我有以下代码将字段名填充到下拉列表中。我希望能够在页面的表格中显示所选字段的内容。将只选择一个字段名称。因此,它将是页面上的单列表。我在网上找不到类似的东西。如果有人能帮我,我会很高兴的。谢谢

<?php 

$host = 'localhost'; 
$port = '3306'; 
$server = $host . ':' . $port; 
$user = 'root'; 
$password = ''; 
$link = count($t_tmp = explode(':', $server)) > 1 ? mysqli_connect($t_tmp[0], $user, $password, '', $t_tmp[1]) : mysqli_connect($server, $user, $password); 
if (!$link) { 
    die('Error: Could not connect: ' . mysqli_error($link)); 
} 
$database = 'mydb'; 
mysqli_select_db($link, $database); 
$query = 'select * from mytable'; 
$result = mysqli_query($link, $query); 
if (!$result) { 
    $message = 'ERROR:' . mysqli_error($link); 
    return $message; 
} else { 
    $i = 0; 
     echo '<select name="mySelect" id="mySelect">'; 
    while ($i < mysqli_field_count($link)) { 
        $meta =  
        mysqli_fetch_field_direct($result, $i); 
        echo '<option>' . $meta->name . '</option>'; 
        $i = $i + 1; 
    } 
echo '</select>';
} 
mysqli_close($link); 
?>

看起来是这样的:

选择框中的选项都是字段名称,而不是字段值。我需要的是在单击/选择字段名称时显示字段值。

3 回复 | 直到 7 年前

Th3_N3w_D3v3l0p3r 7 年前

尝试以下操作:

$country = mysqli_query($con, "SELECT country FROM countrys");
echo mysqli_num_rows($country);//counts the amount of rows in the db

echo '<select name="mySelect" id="mySelect">';

while(mysqli_fetch_array($country)){

while ($i = mysqli_fetch_array($country)) {

echo '<option value="'.$i['country'].'">' . $i['country']. '</option>'
}
echo '</select>';

始终工作正常;)

poorly-written-code 7 年前

听起来您希望在select上有一个事件处理程序。

$('#mySelect').on('change', function() {
  $.post('your-file.php', { 
    action: 'getOptionInfo',
    option: $('#mySelect option:selected').text()
  }, function(optionInfoHTML) {
    $('.table').html(optionInfoHTML);
  }
});

https://jsfiddle.net/mwe55nm9/1/

此外,我建议构建您选择的html并将其作为一个整体进行响应,而不是对每个选项进行反复。根据我的喜好,我会使用for循环。
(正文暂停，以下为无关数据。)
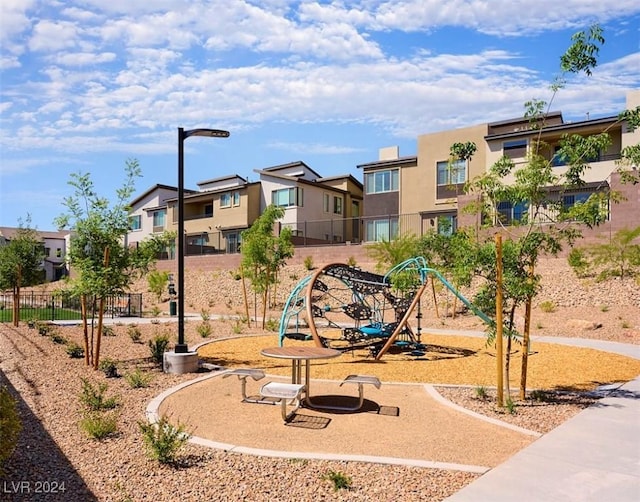 surrounding community featuring a playground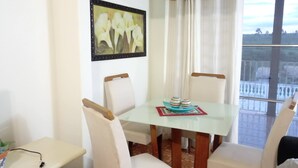 Un comedor con una mesa y sillas, un cuadro en la pared y vistas por una ventana.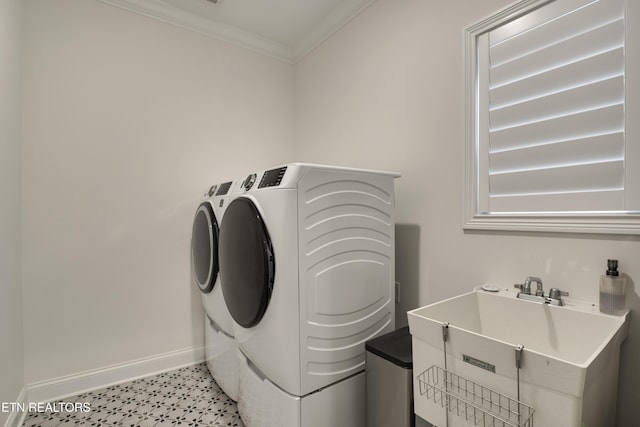 washroom featuring sink, ornamental molding, and washing machine and clothes dryer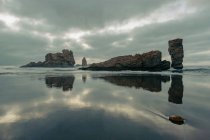 Paesaggio panoramico di riva sabbiosa bagnata con formazioni rocciose sotto il cielo nuvoloso con luce solare in serata sulla spiaggia Playon de Bayas in Asturais Spagna — Foto stock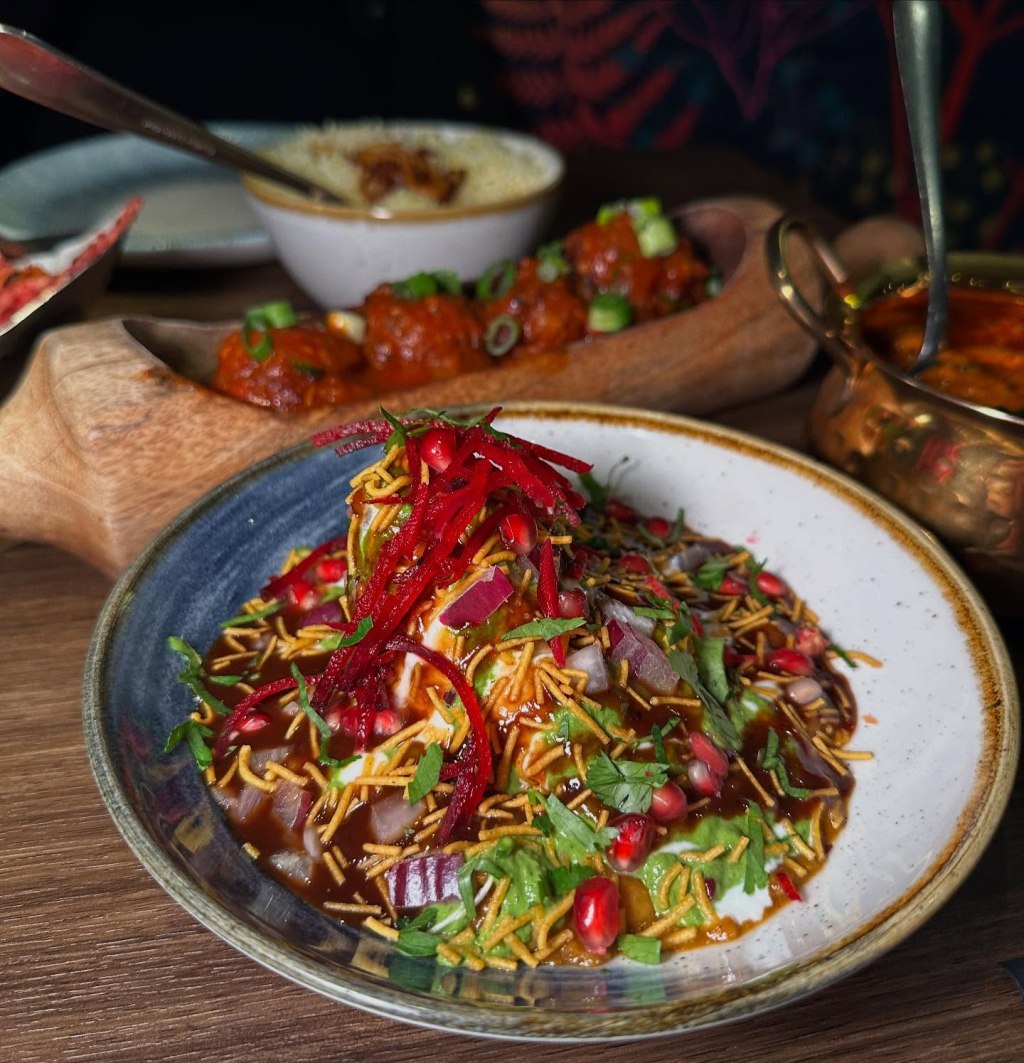 Punjabi Samosa Chaat topped with chickpeas, yoghurt, and chutneys at Chakh Dhoom.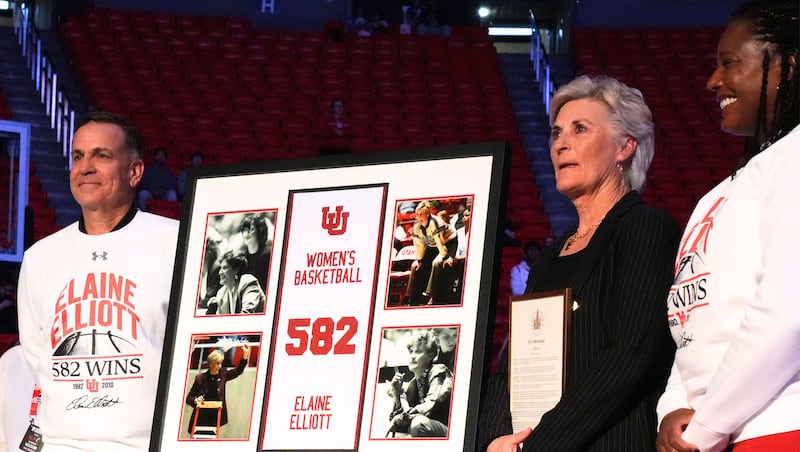 A banner honoring Elaine Elliott now hangs in the Huntsman Center ...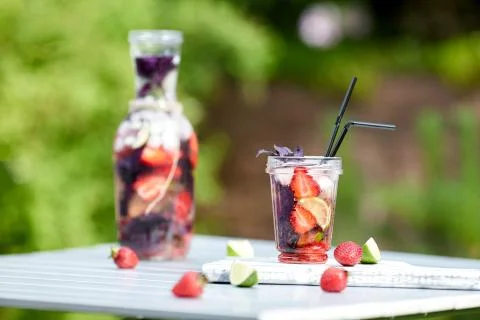 Delicious refreshing lemonade with basil, lime and strawberries Stock Photos
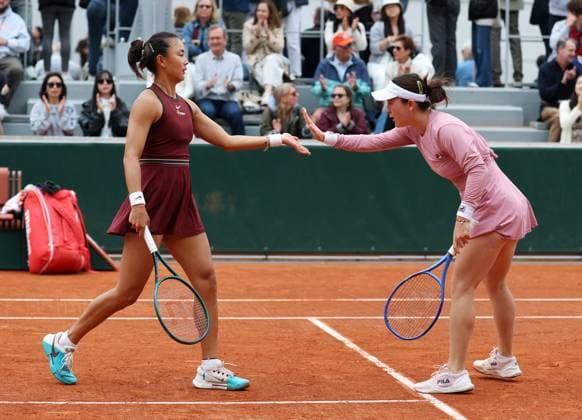 (250527) -- PARIS, May 27, 2025 -- Lulu Sun Yuan Yue (L) celebrate scoring during the women s doubles first round match between Lulu Sun (New Zealand) Yuan Yue (China) and Anna Blinkova (Russia) Mayar Sherif (Egypt) at the French Open tennis tournament at Roland Garros, Paris, France, May 27, 2025. ) (SP)FRANCE-PARIS-TENNIS-FRENCH OPEN-WOMEN S DOUBLES GaoxJing 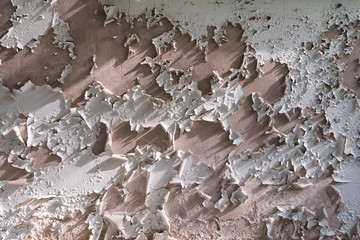 Light grey pastel wall with cracked peeling paint texture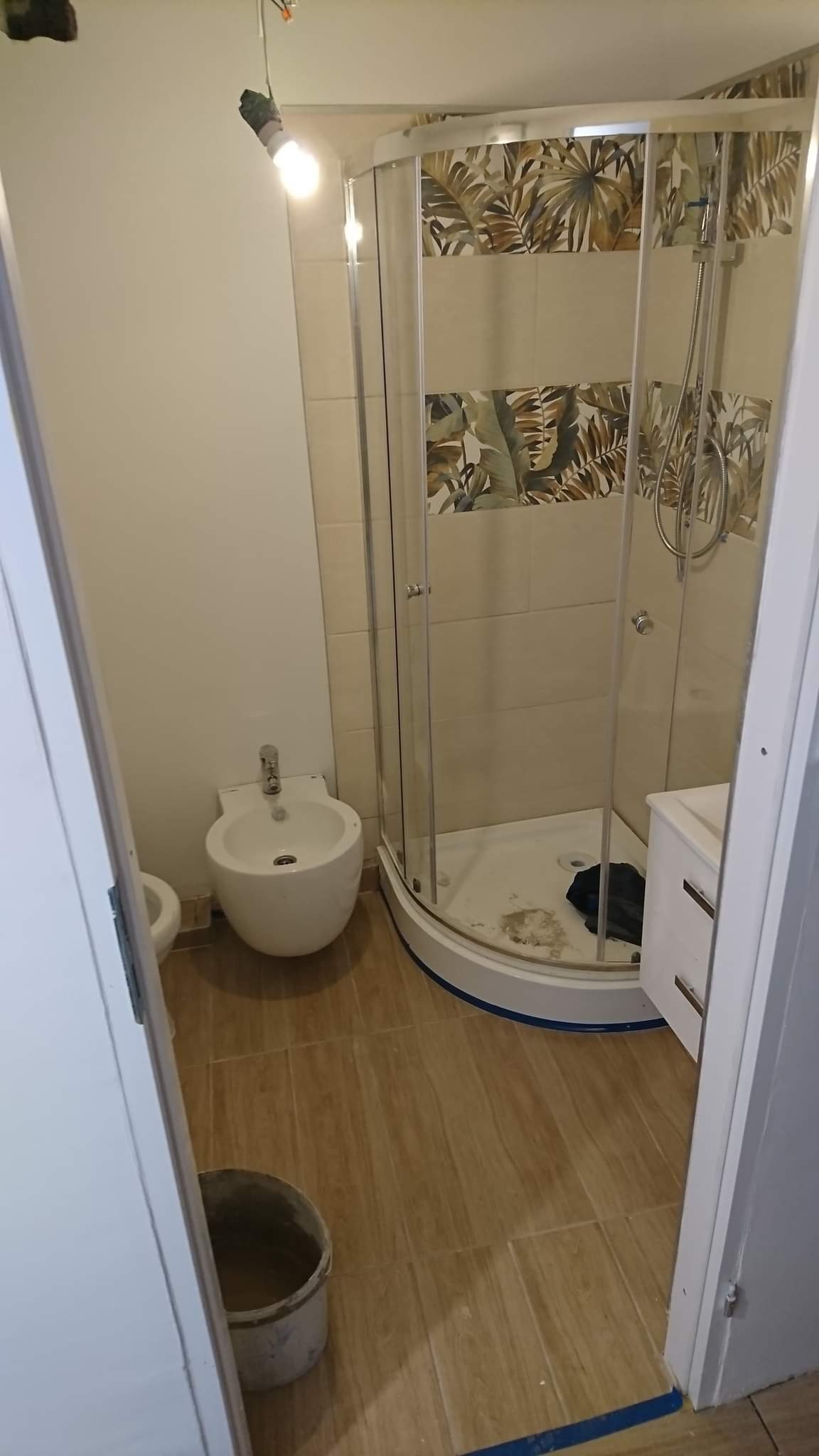 Nowoczesna łazienka z kabiną prysznicową z motywem liści na płytkach, bidetem i wiadrem z zaprawą, oświetlona żarówką na kablu.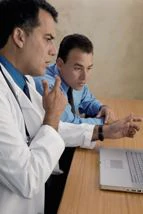 Health care professionals using laptop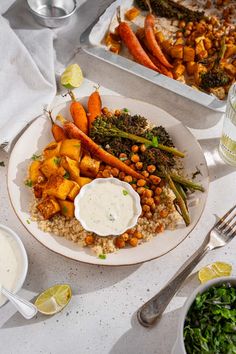 a white plate topped with lots of veggies and rice next to bowls of dipping sauce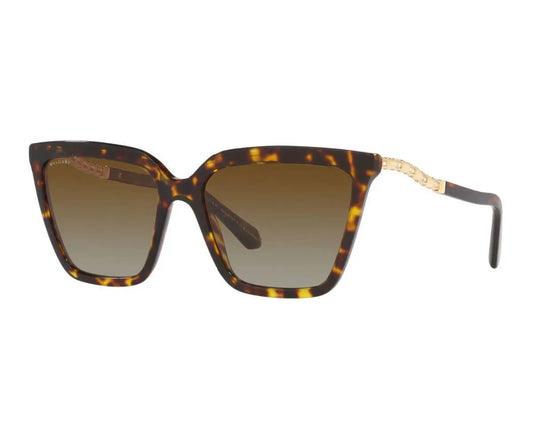 Sunglasses with tortoiseshell frame and brown gradient lenses on a white background
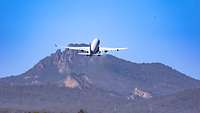 Ein Flugzeug vom Typ A330 MRTT startet vor einer bewaldeten Berglandschaft.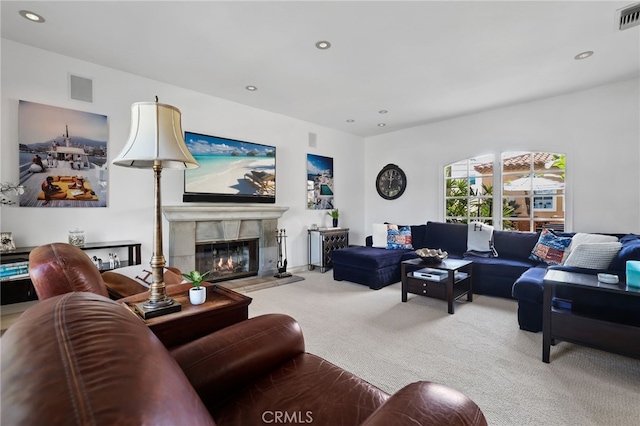 living area with a premium fireplace, carpet, visible vents, and recessed lighting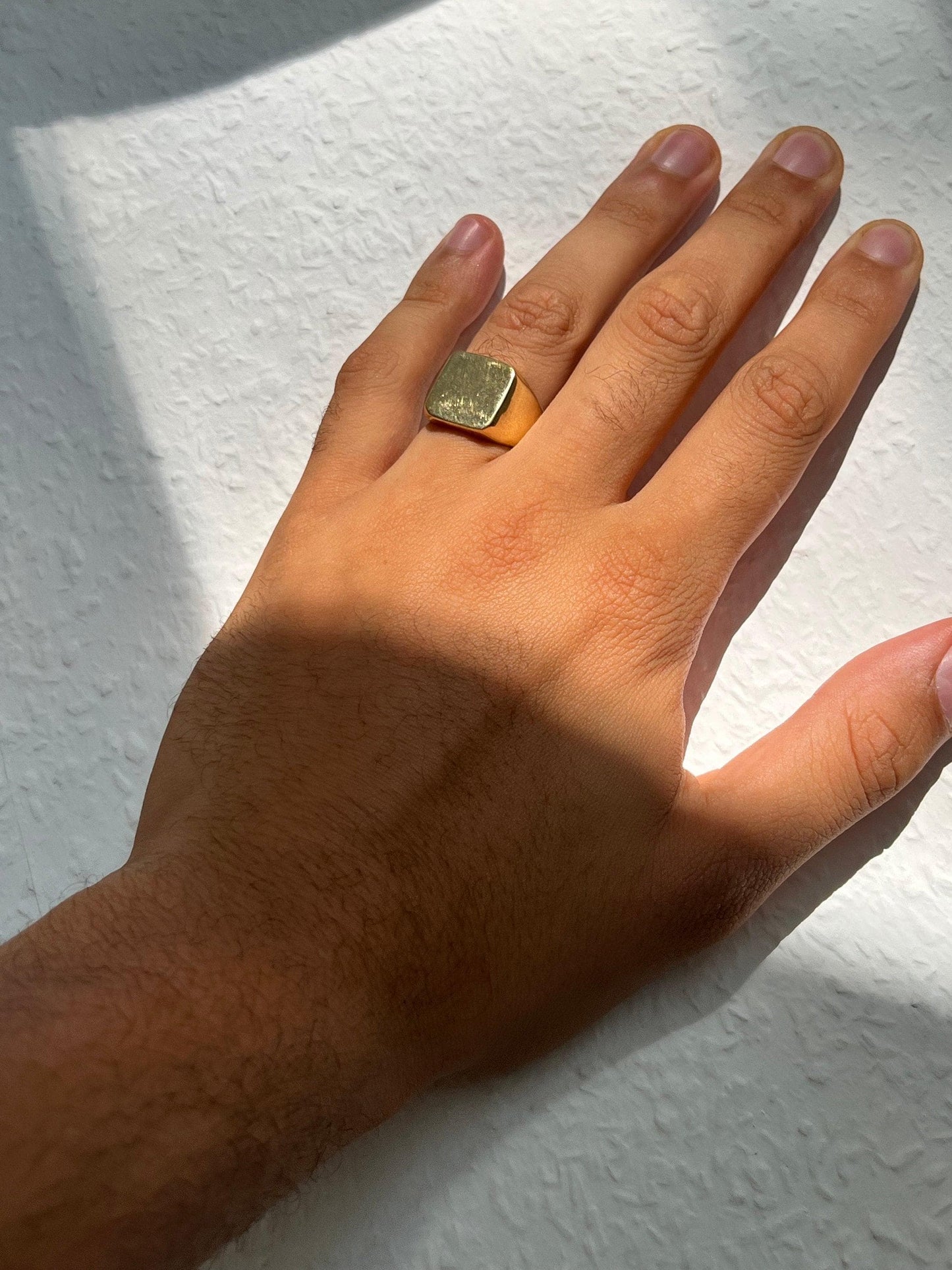 Könnte beinhalten: Ein goldener quadratischer Siegelring an einer Hand.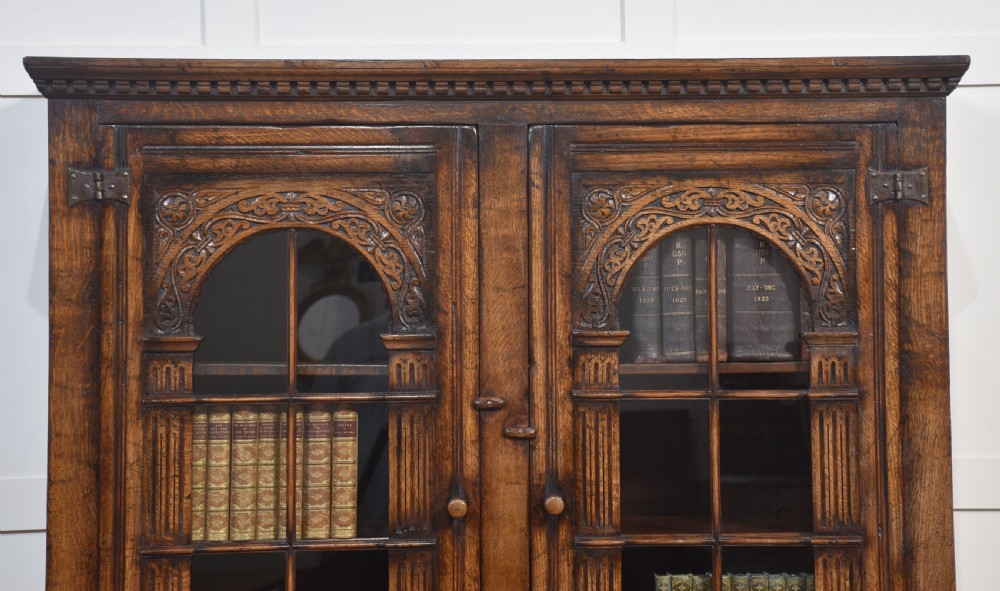 A tall dark oak two-door glazed bookcase featuring carved arched upper sections and panelled cupboard doors below. View II
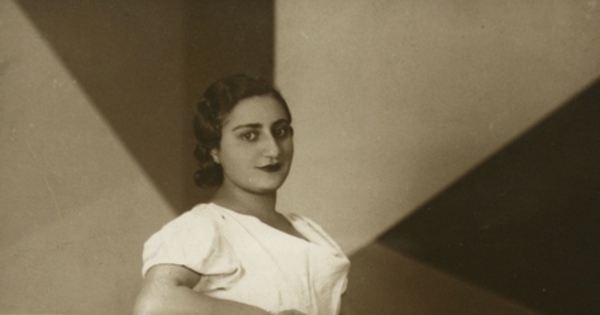 Mujer joven con rasgos árabes, está de pie, con vestido largo de manga corta color blanco, entre 1940 y 1950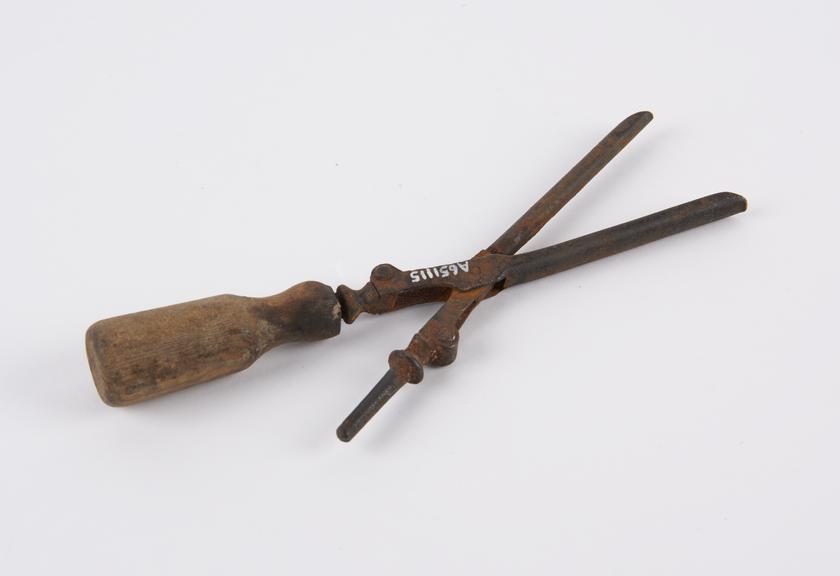 Iron tongs with wooden handle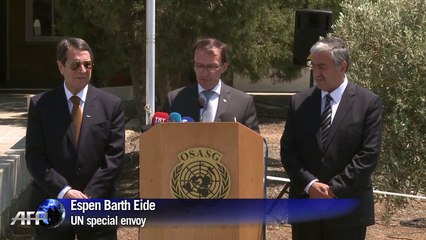 Peace talks in divided Cyprus resume in "climate of optimism"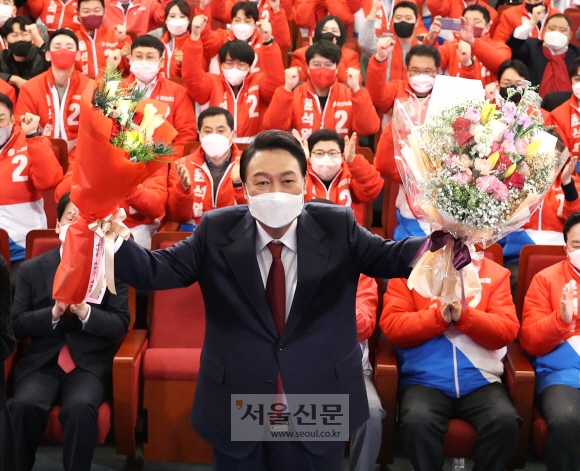 윤석열 국민의힘 대선 후보가 10일 새벽 서울 여의도 국회 도서관에 마련된 개표상황실을 찾아 당선 축하 꽃다발을 받아들고 있다. 2022.3.10 정연호 기자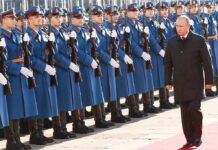 Silent Troop Surge – What’s Moscow Planning? Vladimir Putin walks past an honor guard; Genaro García Luna and Darius Kilgo not visible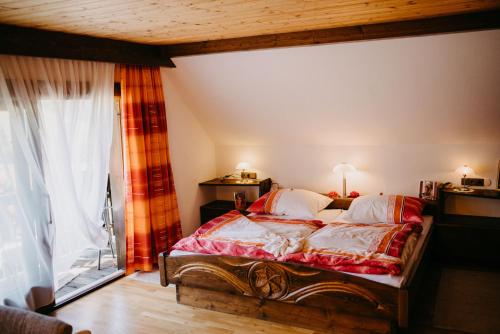 a bedroom with a bed and a large window at Ferienwohnung Vidmar in Arriach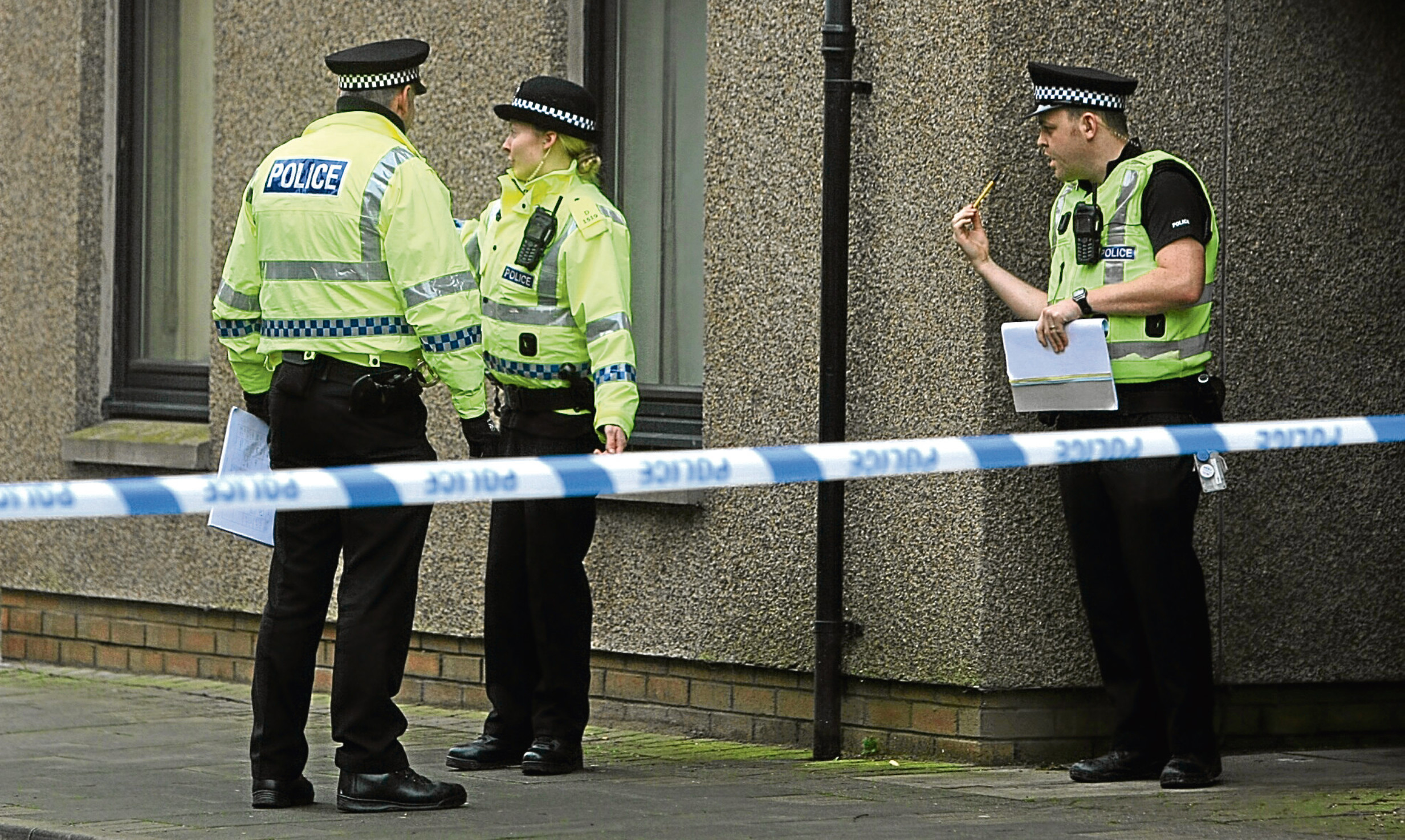 Police officers investigate a murder in Montrose.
而循环似乎总是卡在无限循环中。

... code to connect to database ...
switch ($_POST['action']) {
  case 'buildSelect':
    $options = '';
    for ($i = 0; $i < mysqli_field_count($link); $i++) { 
      $meta =  mysqli_fetch_field_direct($result, $i); 
      $options += . '<option>' . $meta->name . '</option>';
    } 
    echo '<select name="mySelect" id="mySelect">' . $options . '</select>';
    break;
  case 'getOptionInfo':
    echo "code to get info for $_POST['option']"
    break;
  default: echo 'Invalid action.'
}

https://api.jquery.com/jquery.post/

Max 7 年前

谢谢你的帮助!我在这里找到了答案: https://forums.phpfreaks.com/topic/307230-php-dropdown-menu-to-fetch-columnar-data/page-2#entry1558339

代码如下:

<table class="tbresult">

<?php 

include ("confige.php");

$query = 'select * from employees'; 
$result = mysqli_query($link, $query); 
if (!$result) { 
    $message = 'ERROR:' . mysqli_error($link); 
    return $message; 
} else { 
    $i = 0; 
    echo '<form name="selectSomething" action="" method="GET">';
     echo '<select name="mySelect" id="mySelect"  onchange="this.form.submit()">'; 
    while ($i < mysqli_field_count($link)) { 
        $meta =  
        mysqli_fetch_field_direct($result, $i); 
        echo '<option>' . $meta->name . '</option>'; 
        $i = $i + 1; 
    } 
echo '</select>';
echo '</form>';
} 

if(isset($_GET['mySelect'])) {
$myselect = $_GET['mySelect'];  // needs to be after the above check

$sql = "SELECT `$myselect` as mySelect FROM employees";  // add column alias
$result = mysqli_query($link, $sql);   

  if ($result->num_rows > 0) {

   // output data of each row
   while($row = $result->fetch_assoc()) 
   {
        echo "<tr><td>" . $row["mySelect"] . "</td></tr>";

   }

      echo "</table>";


}

} else { echo "0 results"; }


mysqli_close($link);

?>